Found a bunch Chronicles Crypts in an old binder though. And yeah, I know this tournament allows Chronicles reprints, and I'm certainly never going to bash anyone except Jeff White for playing with Chronicles Tormod's Crypts. But I personally have an affinity for the old printings, and so I'll limit myself to play with what I have from The Dark. And I guess I now have a good enough excuse to trade for some more The Dark Crypts.

So that's MaskNought. A combo-control deck that can sometimes take the aggro route with burn and factories if it needs to. An amazingly fun deck with quite a few decision trees, but also a deck that occasionally just says "Oops, I win". And the Mask is just a hilarious card. At one point in the tournament I got to play a face-down Dreadnought for 2U to have my opponent play around Serendib Efreet. Illusionary Mask feels like actual Magic when you use it, perhaps not unlike Mirror Universe in that sense. This pile is also simply a good deck, if that's the kinda thing that floats your boat. If you have access to Masks somewhere, I much recommend taking them for a spin.

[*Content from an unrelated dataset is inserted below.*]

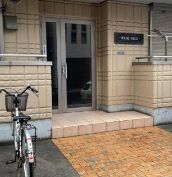 エントランス　清潔なエントランスです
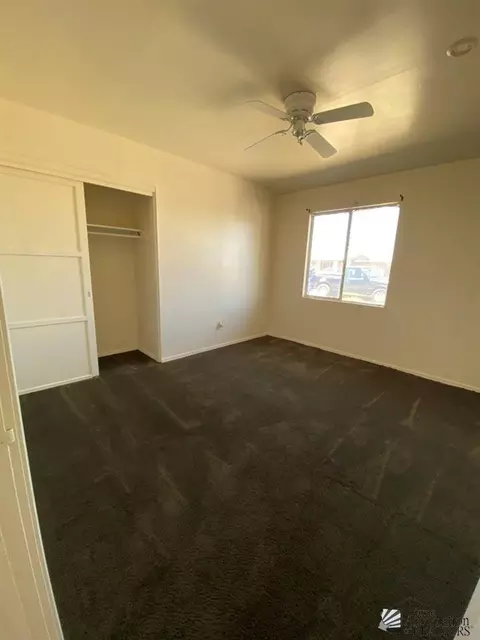 911 E 24 Pl, Yuma, AZ 85365 photo 5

  1. Hi MG. Interesting deck tech. I have even never played against this mask. Must be very funny, mainly when your opponent is not aware, what creatures you are playing.

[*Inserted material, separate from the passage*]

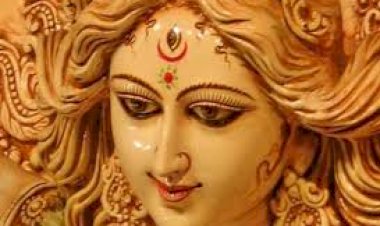 माँ चंद्रघंटा अपने साधकों को सुख-संपन्नता, ऐश्वर्य-कीर्ति एवं सुखी गृहस्थ जीवन का देती हैं वरदान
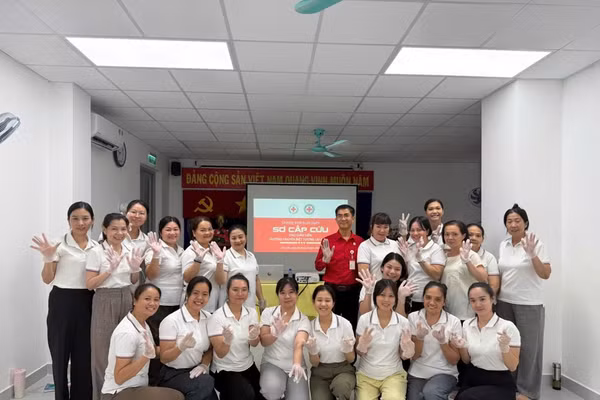 Giáo viên Trường chuyên biệt Tương Lai, TPHCM trong một buổi tập huấn về sơ cấp cứu. Ảnh: NTCC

    Hope you win the tournament. I would like to read about the second part as well.

    1. Thanks Jirka! We're down to the last four players standing now, but the final games tend to be tricky ;)

      And yeah, the bluffing part of the mask can be really fun. I've e.g. held kird apes and factories at bay with a face-down Flying Men which my opponent suspected was a Serendib Efreet;

  2. The Abyss targets a creature, when it targets a facedown dreadnought, the card flips over revealing to the abyss that it is an artifact and therefore an illegal target. So the abyss trigger will fizzle, and the dreadnought will remain in play.

    It’s a similar exchange if ashnod’s Transmogrant is used while the abyss is on the stack but before it has resolved.

    1. Wow nevermind I’m completely wrong. I thought the card was considered a morph, but it’s not. You are right. It would die to the abyss unless you find a way to target it first.